# [INSTRUCTIONS TO FOLLOW]
Copy out exactly the lines below that run from the one holding "Bushnell Take Out" to the one holding "Power mit extra", keeping both of those lines and no others.

--- GIVEN DATA ---

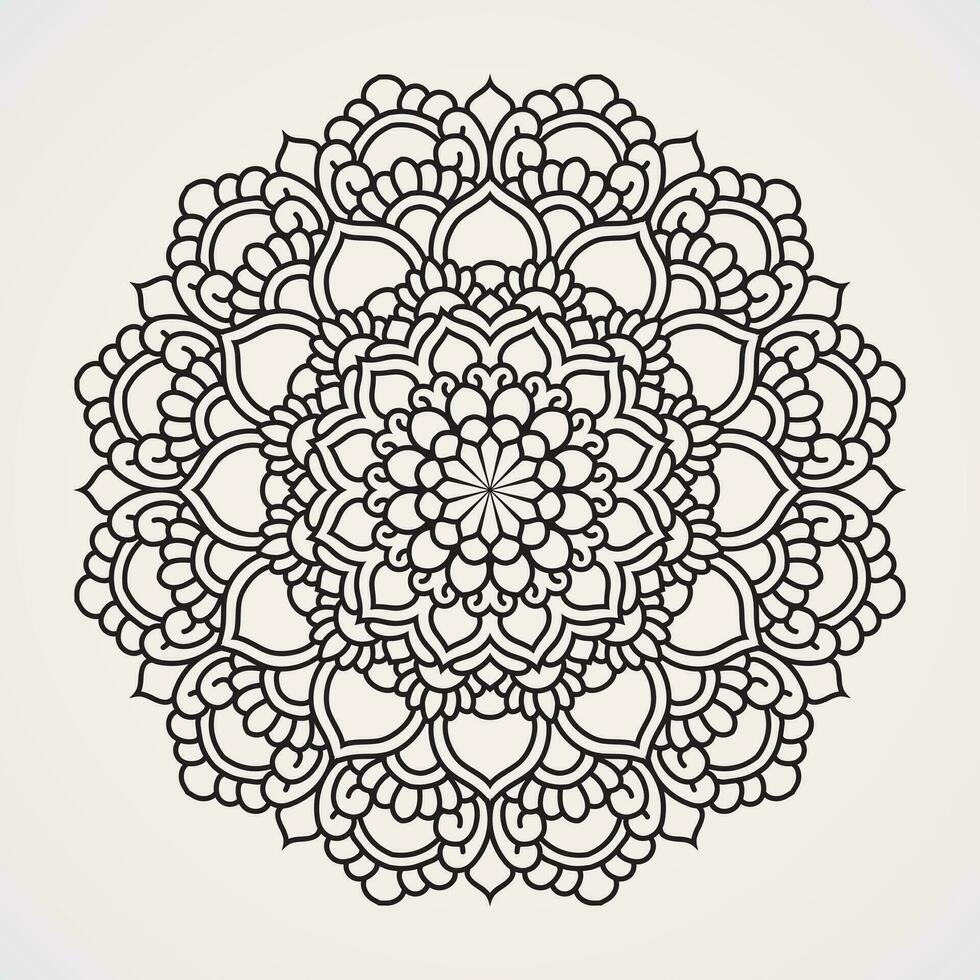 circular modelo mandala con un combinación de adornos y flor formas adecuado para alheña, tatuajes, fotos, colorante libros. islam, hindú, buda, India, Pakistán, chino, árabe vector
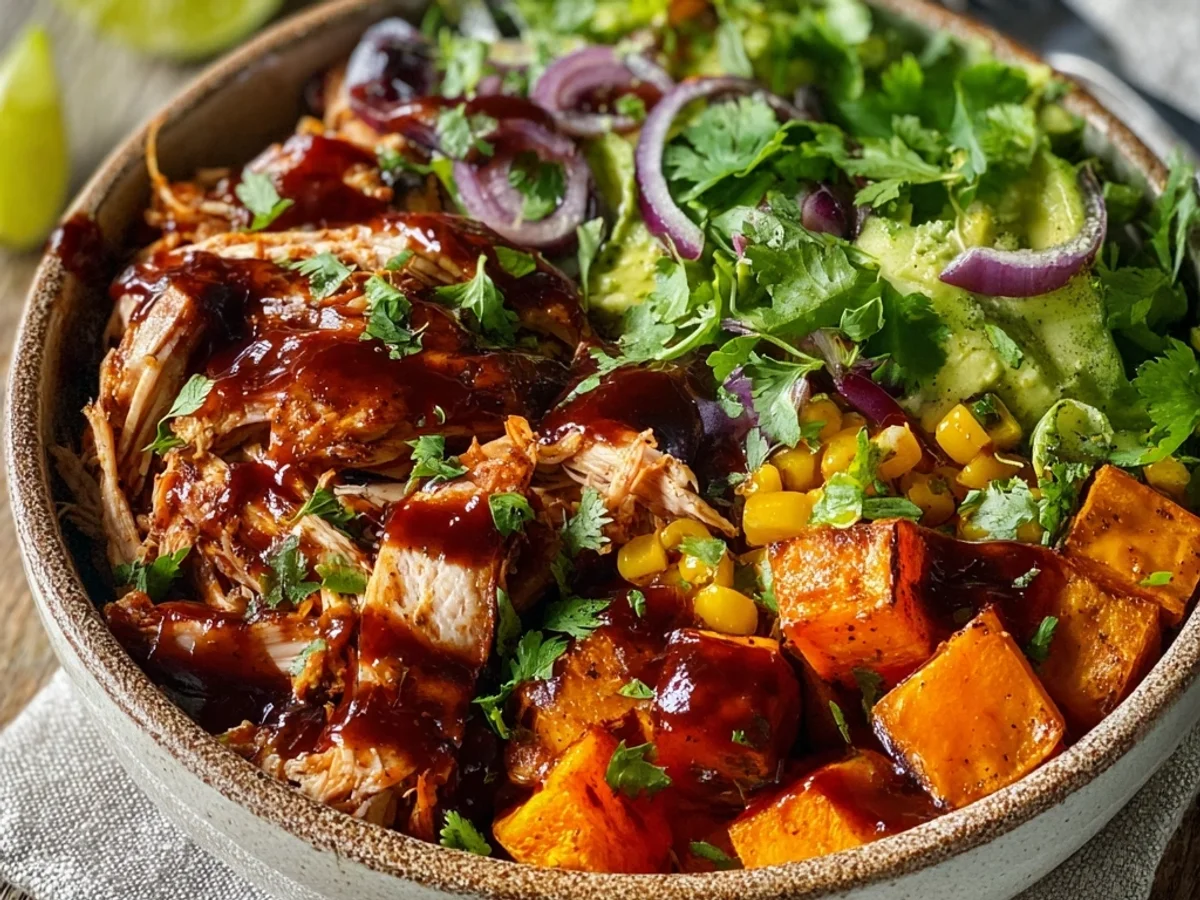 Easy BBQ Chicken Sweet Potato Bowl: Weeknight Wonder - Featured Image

---
--- GIVEN DATA ---

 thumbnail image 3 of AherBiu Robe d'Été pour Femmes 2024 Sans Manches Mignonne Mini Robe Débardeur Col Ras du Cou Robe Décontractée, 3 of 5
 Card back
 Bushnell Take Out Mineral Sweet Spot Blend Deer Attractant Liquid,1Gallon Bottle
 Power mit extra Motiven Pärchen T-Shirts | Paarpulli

---

# [RESPONSE]
 Bushnell Take Out Mineral Sweet Spot Blend Deer Attractant Liquid,1Gallon Bottle
 Power mit extra Motiven Pärchen T-Shirts | Paarpulli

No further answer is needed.